Friday, May 20, 2011

In praise of not knowing

Recently I had the occasion to tell my 10-year old an old secret: until I was into my forties, I had a strong belief that the rest of the people in the world knew something I did not know. I don't mean just about stuff I do not know, but about everything! It was unnerving, anxiety-provoking and self-defeating. Until one day I had the epiphany that most humans feel this way, not just me. So, be humbled by not knowing and move on.

Yet even more recently this line of self-examination has led me to the conclusion that I end up saying "I don't know" a lot.
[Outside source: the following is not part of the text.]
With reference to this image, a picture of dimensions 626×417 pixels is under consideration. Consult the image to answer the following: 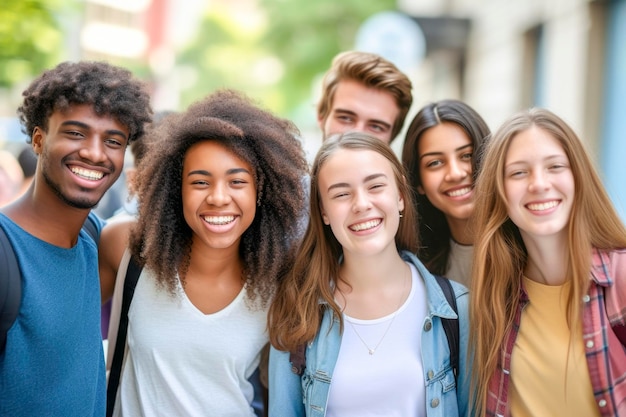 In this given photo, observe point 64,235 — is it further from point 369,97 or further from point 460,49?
point 460,49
I read a definitive tweet from someone I respect, and I say to myself "I don't know"; I read a new paper in a journal and say, "Gee, I don't know", I hear a political speech, and I walk away saying, "I just don't know." Is it that I am an idiot, or intellectually lazy? Perhaps. But what is occurring to me more and more lately is that what we are convinced of today will be much less certain and obvious tomorrow, barring some truly sacred cows. This is called growth, and as far as I can tell is a desirable development.

On the other hand, saying "I don't know" sometimes means that it just does not make sense to take sides. I know that we have to apply current knowledge and not wait for perfect information, but I still do not see getting all polar about stuff. Most of the time we act like there are only two possibilities, and they are diametrically opposed to one another. Well these are false dichotomies promoted by our educational system, which drills into us the idea that there are only two answers to any question: the right one and the wrong one. What if this is untrue? What if we change the way we think about the world, and instead of seeing only the black and the white, the left and the right, the correct and the incorrect, we start really seeing the entire continuum of possibilities? What a fantastic variety of solutions we might stumble upon to our perennial questions!

A nice mind game could be trying to think about stuff without using words. Can we do that? It is thoroughly difficult, yet it is language that seems to bracket our conceptual understanding of the world within and around us. Take the word "race" or "gender", for example. These are human-made and defined terms, which are meant to distinguish rather than merge. Yet just think how uncomfortable we can be made by a person with an ambiguous gender identity, say. Why? Because he/she does not fit into our preconceived dichotomy? Uncertainty is uncomfortable, and dichotomies cure uncertainty. But I am not sure that nature is all that into dichotomies.

The human brain is wired for "belonging." I believe it is for this reason we gravitate to our respective extreme corners of thinking and being, instead of meeting somewhere in the isle. The isle is an uncomfortable place, yet that is where we must aim to be. All the borders we have created are imaginary separations. Instead we can reposition them as the glue that unifies that which lies to either side.